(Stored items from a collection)
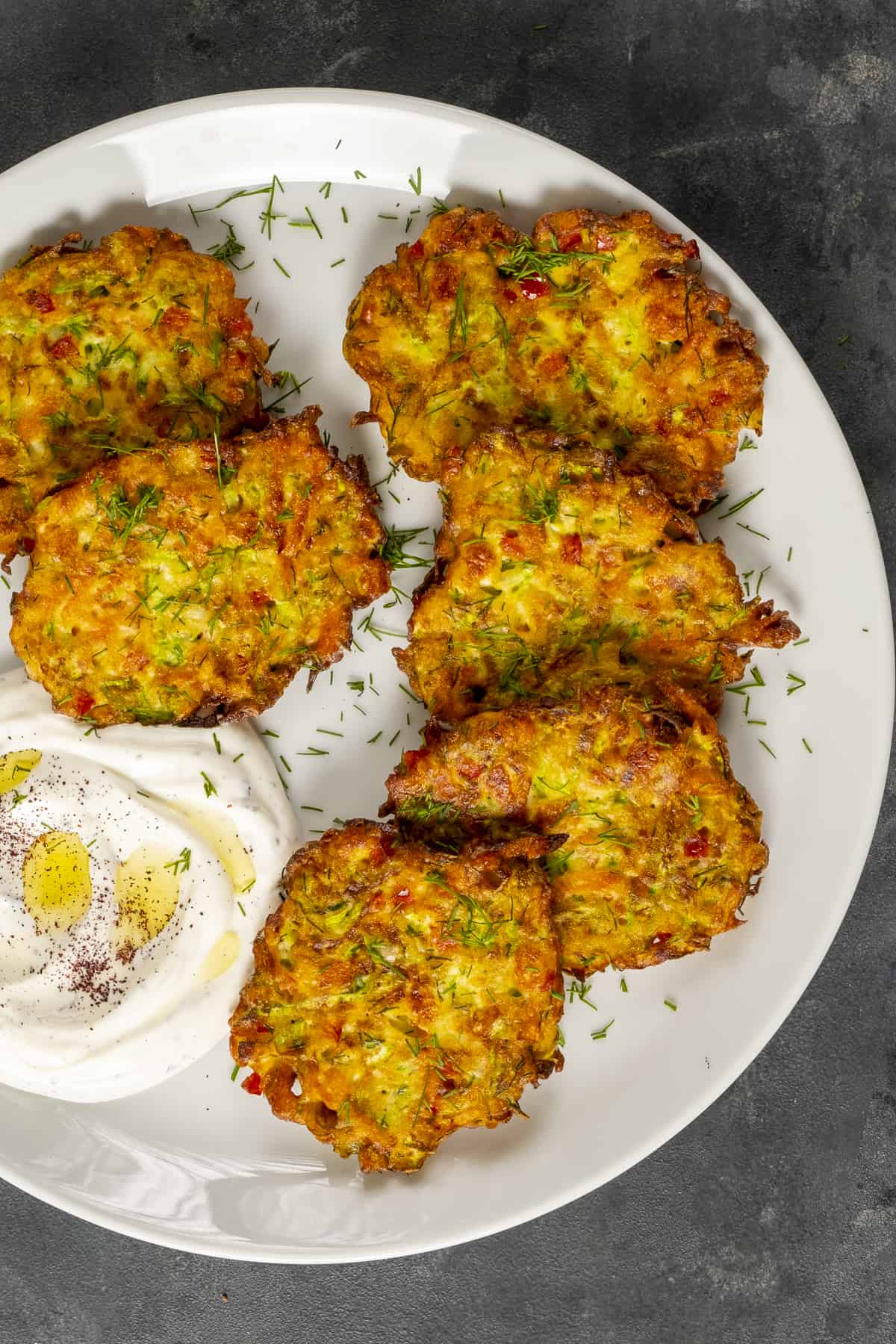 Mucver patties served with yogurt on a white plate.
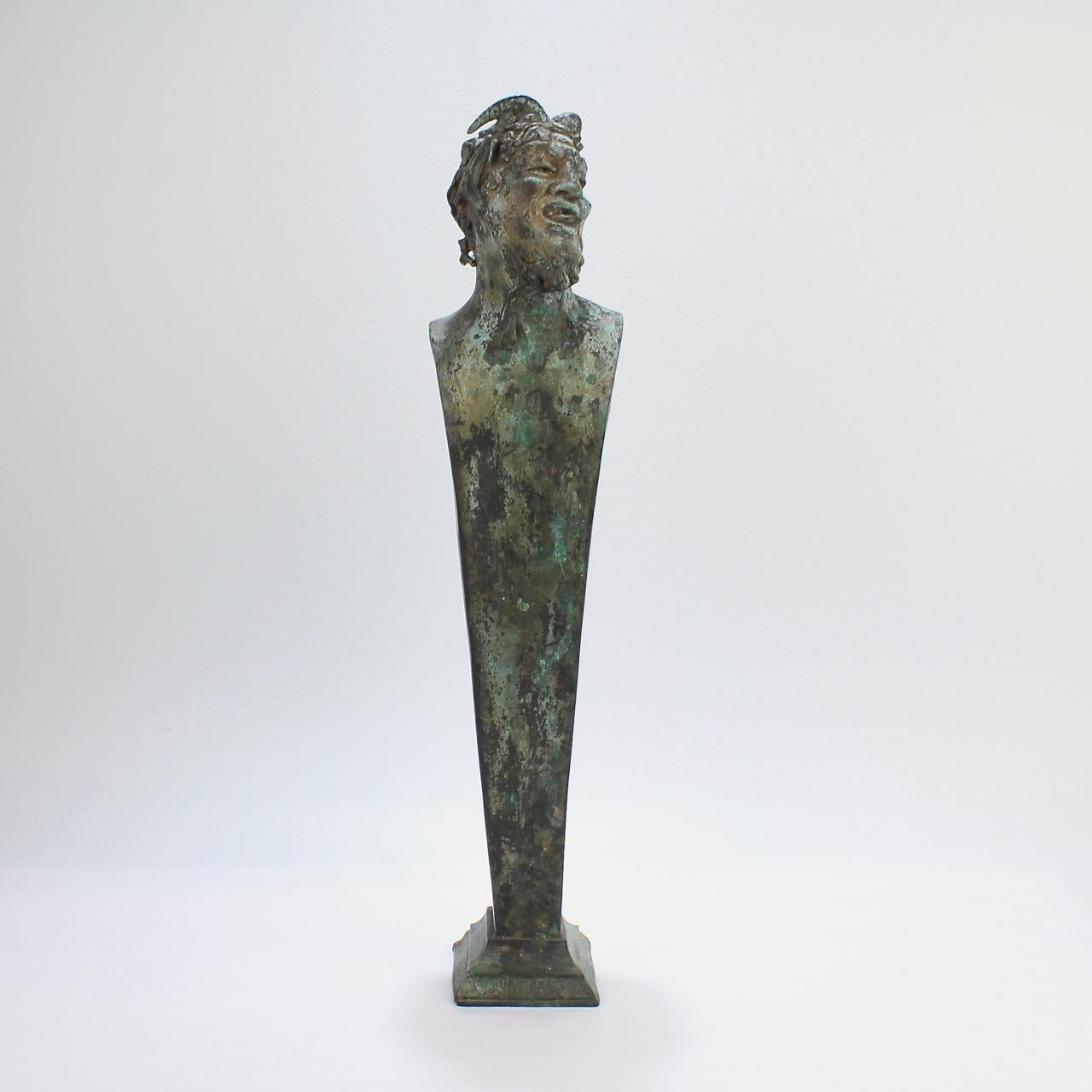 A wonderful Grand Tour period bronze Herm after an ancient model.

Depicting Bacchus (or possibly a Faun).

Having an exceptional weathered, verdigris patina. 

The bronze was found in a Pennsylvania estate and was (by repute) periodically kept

• Problem details: Please write out every record above exactly, but leave the pictures out.

• Answer box:
 Mucver patties served with yogurt on a white plate.
 A wonderful Grand Tour period bronze Herm after an ancient model.

Depicting Bacchus (or possibly a Faun).

Having an exceptional weathered, verdigris patina. 

The bronze was found in a Pennsylvania estate and was (by repute) periodically kept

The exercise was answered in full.